The four credit unions, or “chogin,” are required to adopt a corporate charter that pledges to sever ties with Chongryon before they receive the Japanese government’s financial help in taking over the failed chogin, which are at the center of allegations of fund diversions to North Korea.

The Financial Services Agency suspects that Chongryon used the chogin to channel money to North Korea through means such as opening bogus deposit accounts.

FSA investigators say they have uncovered numerous fictitious deposit accounts suspected of having been used to divert funds to North Korea.

Yanagisawa said the government will make the decision on financial help after it sees the reports from the chogin.

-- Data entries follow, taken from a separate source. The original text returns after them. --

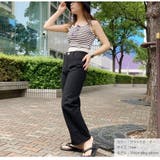 タンクトップ ショート丈 ボーダー | JOCOSA | 詳細画像19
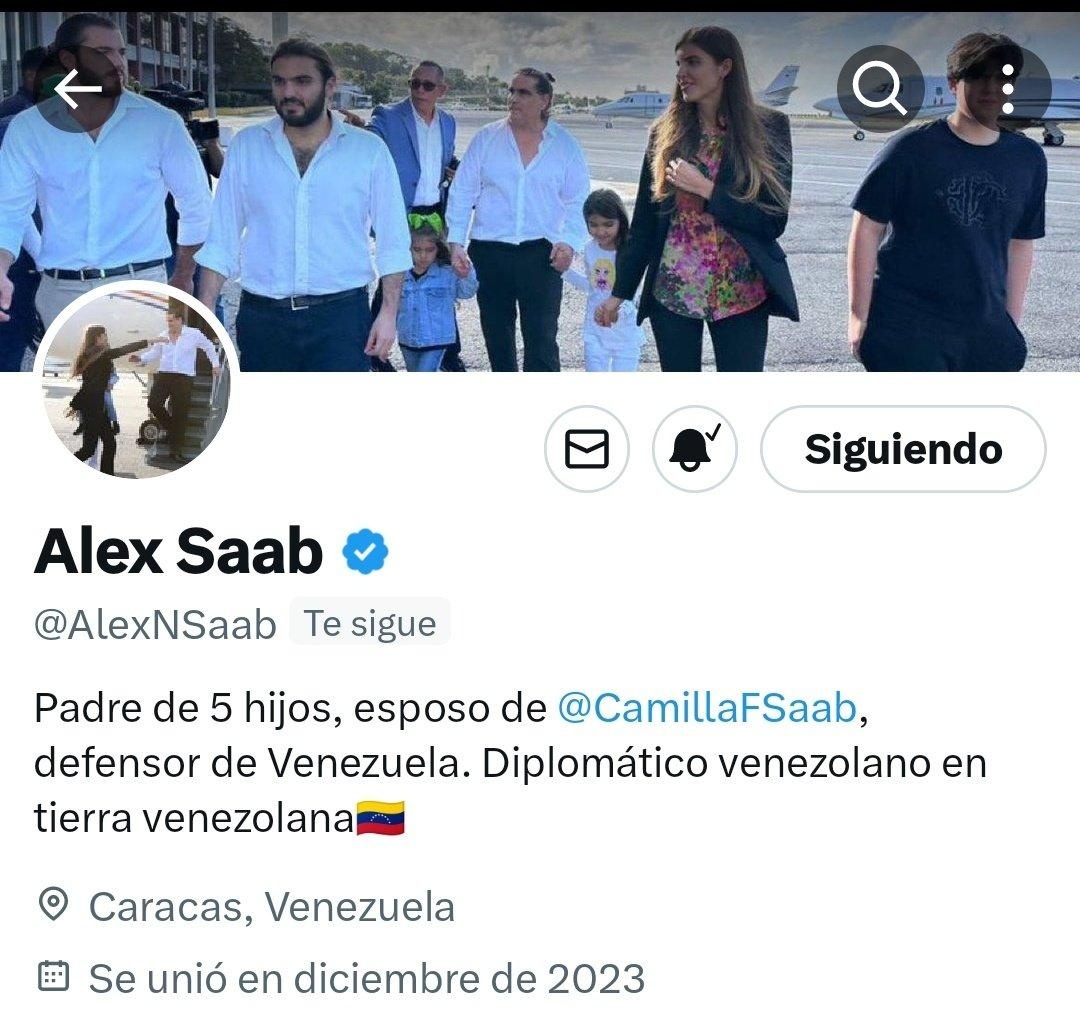 ¿Estás listo para impulsar la economía de nuestra Patria? Sigue a @AlexNSaab, un diplomático y presidente del CIIP que lidera con visión y determinación. Juntos, podemos alcanzar grandes logros. #FreeAlexSaab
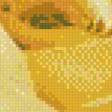 Предпросмотр схемы вышивки «жёлтая роза» (№505464)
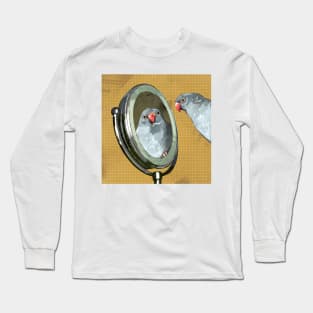 birb crisis Long Sleeve T-Shirt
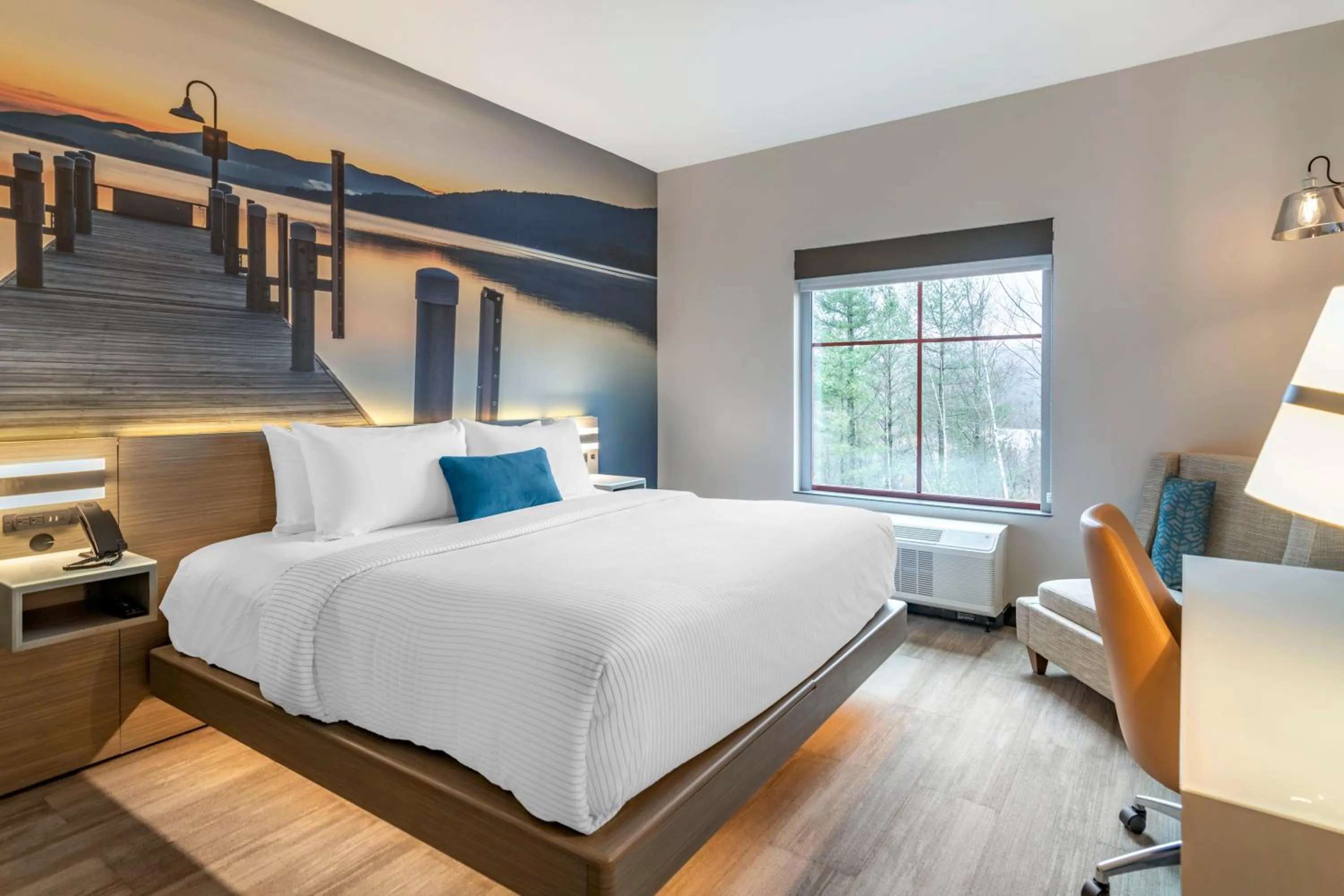 King Room - Non Smoking in Cambria Hotel Lake Placid - Lakeside Resort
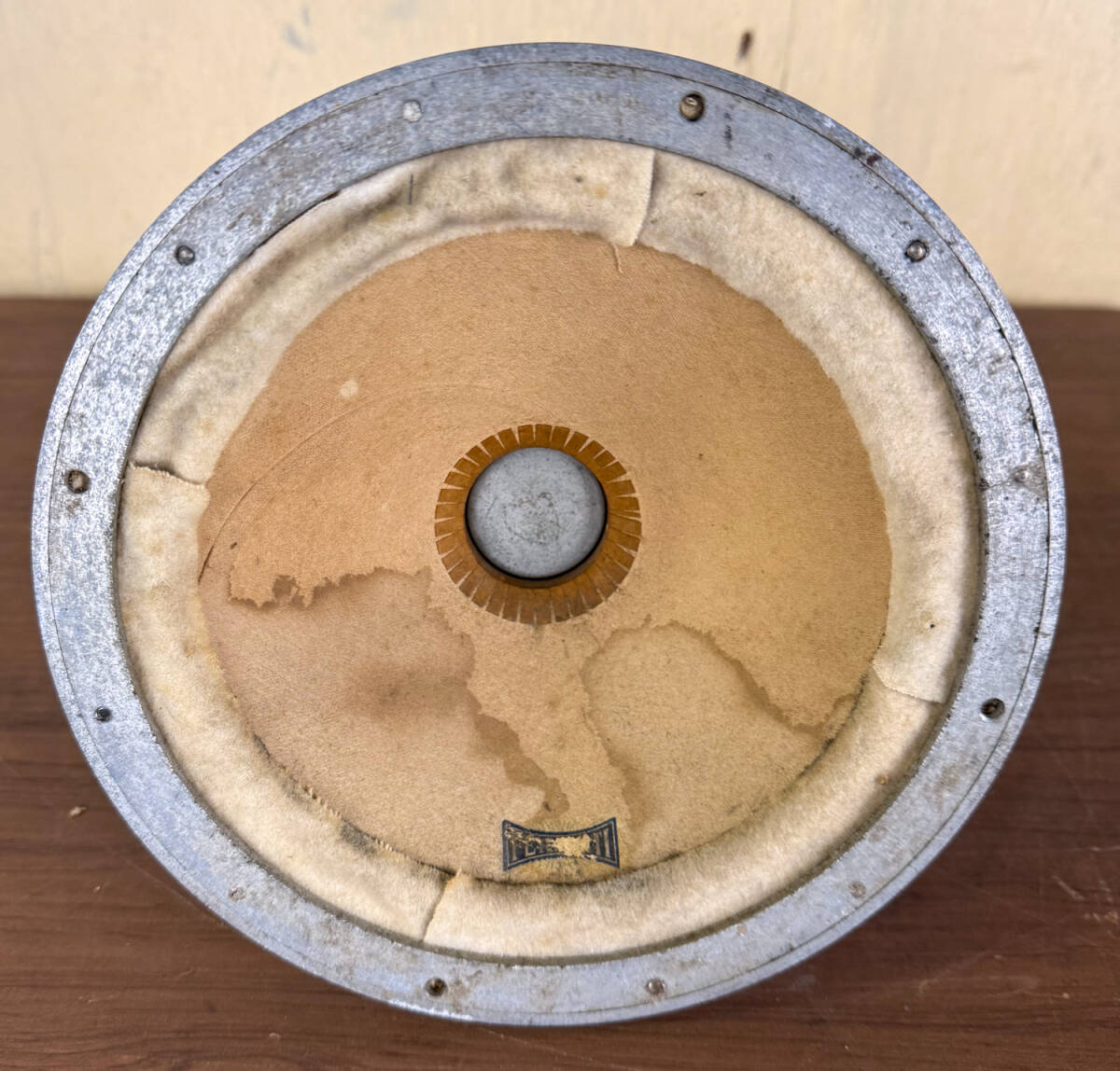 Ferranti 戦前(?) 8インチ/ 20cm フィールド / 勵磁型 動作品 1本 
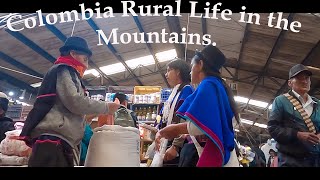 Colombia exploring rural life in the mountains.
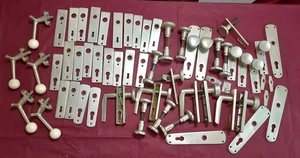 15 Kg Türbeschläge-Türklinken-Türknaufe-Drückergarnituren von Efha - Konvolut - Bild 1 von 20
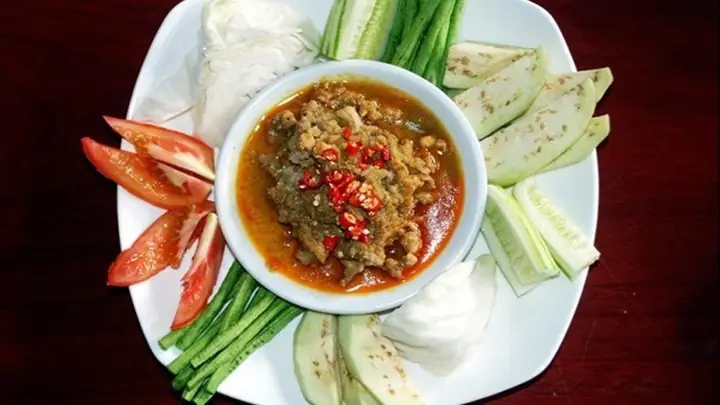 Mắm bò hóc - Hương vị lạ miệng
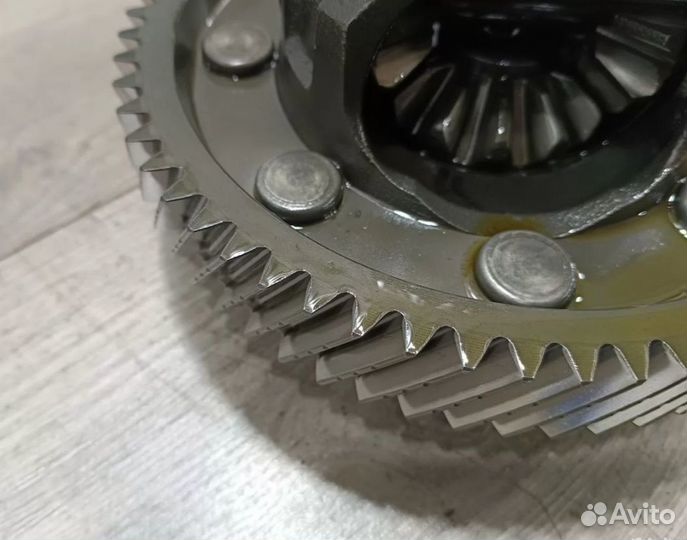 Дифференциал МКПП 6 NMY, JWX Шкода Октавия А5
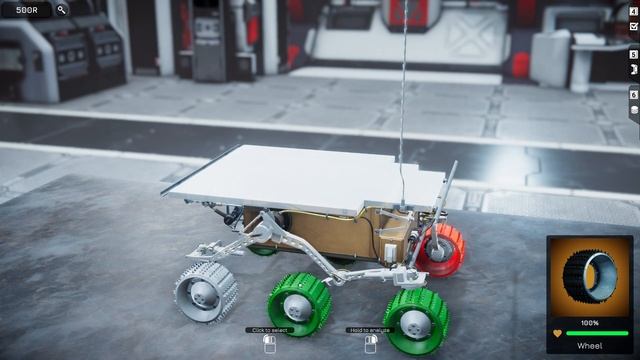 Rover Mechanic Simulator The Beginning смотреть онлайн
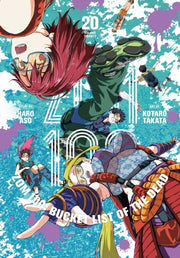 Zom 100 Bucket List Of The Dead Vol 20 By Aso, Haro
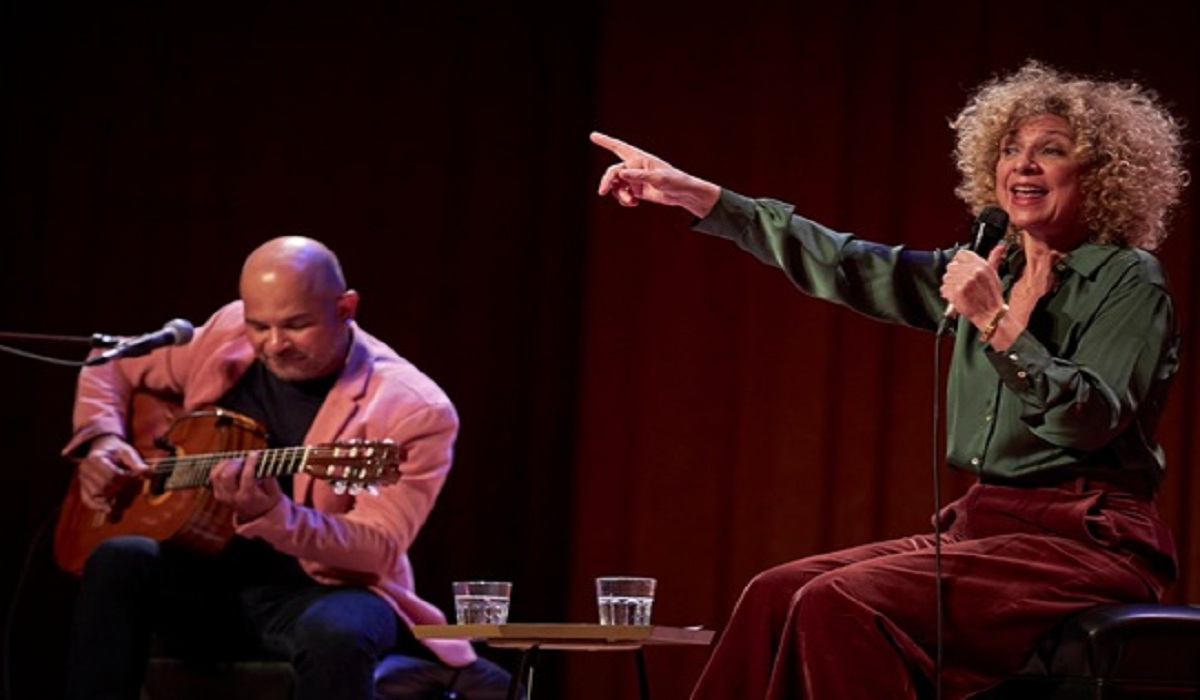 Carme Canela y Jurandir Dã Silva recuperan la esencia de la bossa nova en el Festival Tensamba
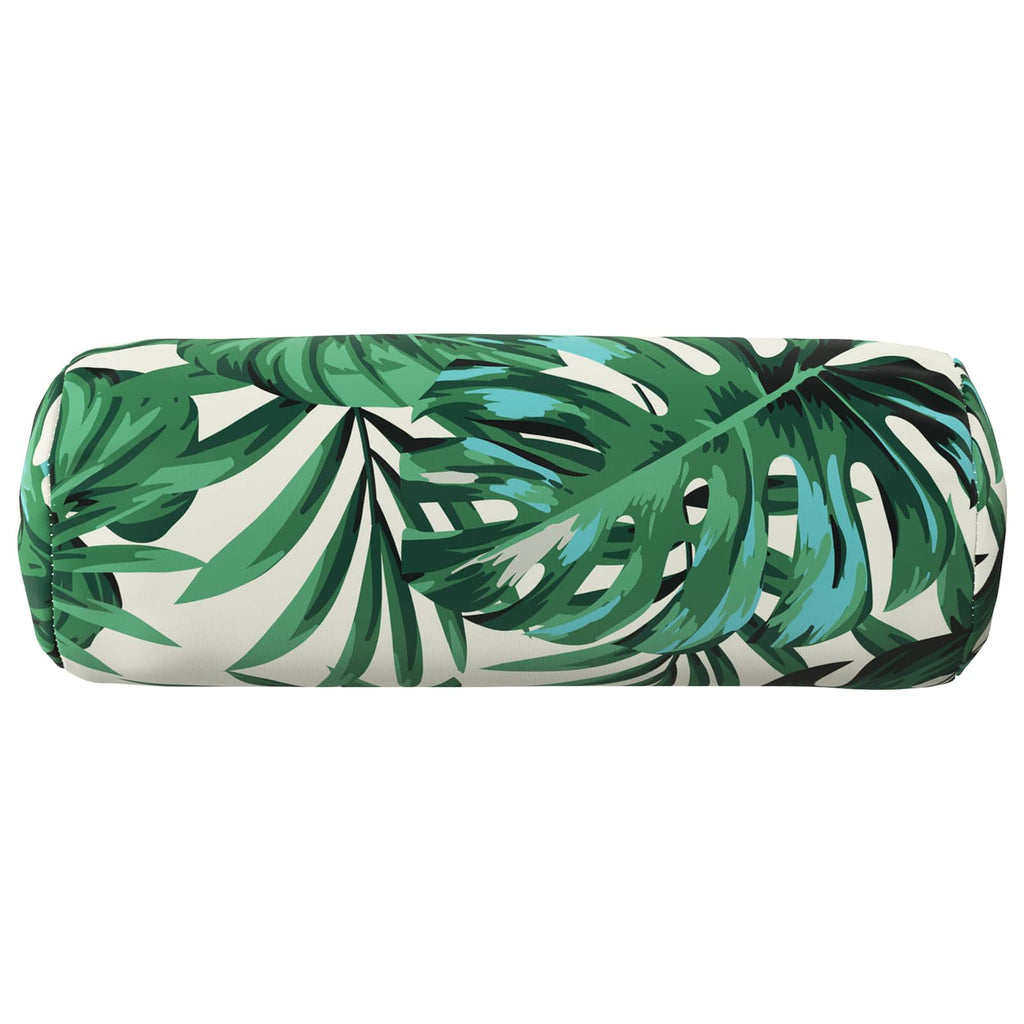 vidaXL Poszewka na poduszkę 6 pcs HEERLEN motyw liści Ø 15 x 40 cm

On Nov. 28, police arrested former Chongryon executive Kang Young Kwan on suspicion he instructed top officials of Chogin Tokyo Credit Union to embezzle 830 million yen of the union’s funds.

The scandals involving chogin originated at Chogin Kinki Credit Union, which was formed in 1997 through the merger of five similar credit unions in the Kansai region.

In 1998, the state-run Deposit Insurance Corp. pumped 310 billion yen into Chogin Kinki to enable it to take over the operations of another failed credit union in Osaka and assume the duty of refunding depositors on demand.

But Chogin Kinki failed in 2000 with a negative net worth. Investigators subsequently charged executives at the union with alleged involvement in the redirection of funds.